Well thank you again for taking the question.

[Operator Instructions] You next question comes from Yi Chen from H.C. Wainwright. Go ahead sir.

Hi, This is [Mitchell] (Ph) on for Yi, thank you for taking the question. My question is upon favorable Phase II data in T1D, do you expect that one positive pivotal trial might be sufficient for regulatory approval.

Thanks Mitchell for getting on and please send our regards to Yi as well. At this point, it’s hard to know exactly what the regulatory requirements are, one could hope that based upon the 21st Century Cures Act that an accelerated path through approval of fast track designated product would become available, but at this point we have not had those discussions with FDA and so we are not exactly sure. I mean the traditional requirement would be two Phase I trials, but again this is cell therapy and a disease with no real cure if you will and so I think there is an opportunity for discussion once we see the magnitude of the therapeutic effect and if we continue to see the very favorable tolerance and safety profile that we have seen to-date.
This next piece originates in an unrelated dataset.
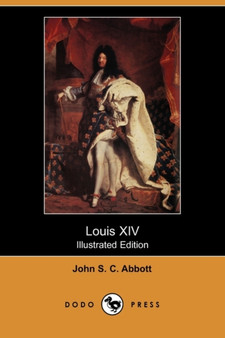 Louis XIV (Illustrated Edition) (Dodo Press) by John Stevens Cabot Abbott - Paperback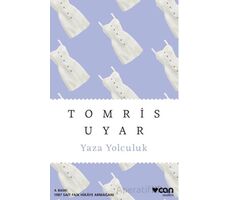 Yaza Yolculuk - Tomris Uyar - Can Yayınları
Okay. Great. Thank you so much.

There are no further questions at this time, I will return the call back to over to Dr. Mazzo for closing remarks.

Well again thank you all for participating on today's call. We look forward to making continued progress, executing our business strategy and to providing you with timely reports of our achievements. We appreciate your continued interest in and the support of Caladrius Biosciences and look forward to updating you again on our next quarterly conference call. Have a nice evening everyone, good-bye.

This concludes today’s call. You may now disconnect.